# Odd stuff



## Bush_84 (Jan 9, 2011)

Is this in the brood chamber or super? I suspect it's in the super and that you didn't seed it with anything. You need a comb or two in the empty box to encourage them to build the way we want them to. If you just place an empty box on top they will likely build some from the bottom and some from the top of the new box.


----------



## whalers (Jun 4, 2011)

Your suspicions would be correct. I didn't have anything theycould use for guide comb. Makes a lot of sense and I appreciate the help.


----------



## rwurster (Oct 30, 2010)

I ran out of medium foundation so i was cutting deep foundation to fit my medium frames. When you do this there is a strip of foundation left which i also was using in frames as a guide off the top. Since I had been drinking while doing this I accidentally put a few strips on the bottom of a few frames instead of the top but I put them into a few honey boxes for giggles to see what would happen and they drew the comb straight up to the top bar. I really didnt know what to expect but was pleasantly surprised by the outcome.
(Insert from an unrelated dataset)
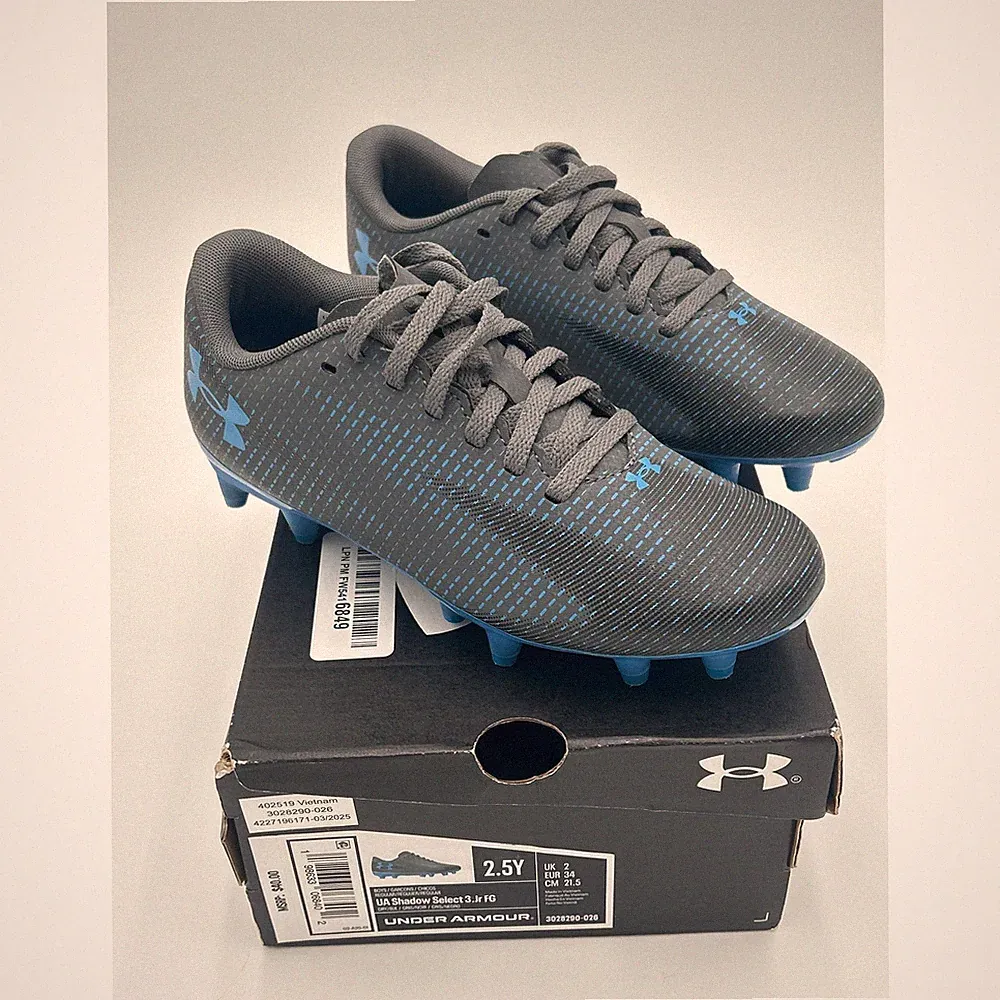 NEW Under Armour Youth Cleats Shadow Select 3 Jr FG Soccer Grey Blue 2.5Y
I have also seen comb collapses in a few of my nucs that were drawn straight up and re-attached HORRIBLY  

As a side note: I was all foundationless up until this year and would HIGHLY recommend using a sheet of foundation in at least 1 frame (I put mine in the middle) to ensure they draw straight then, if you are hard core about tainted wax in foundation or whatever, you can easily rotate it out once the bees "know" where to build.


----------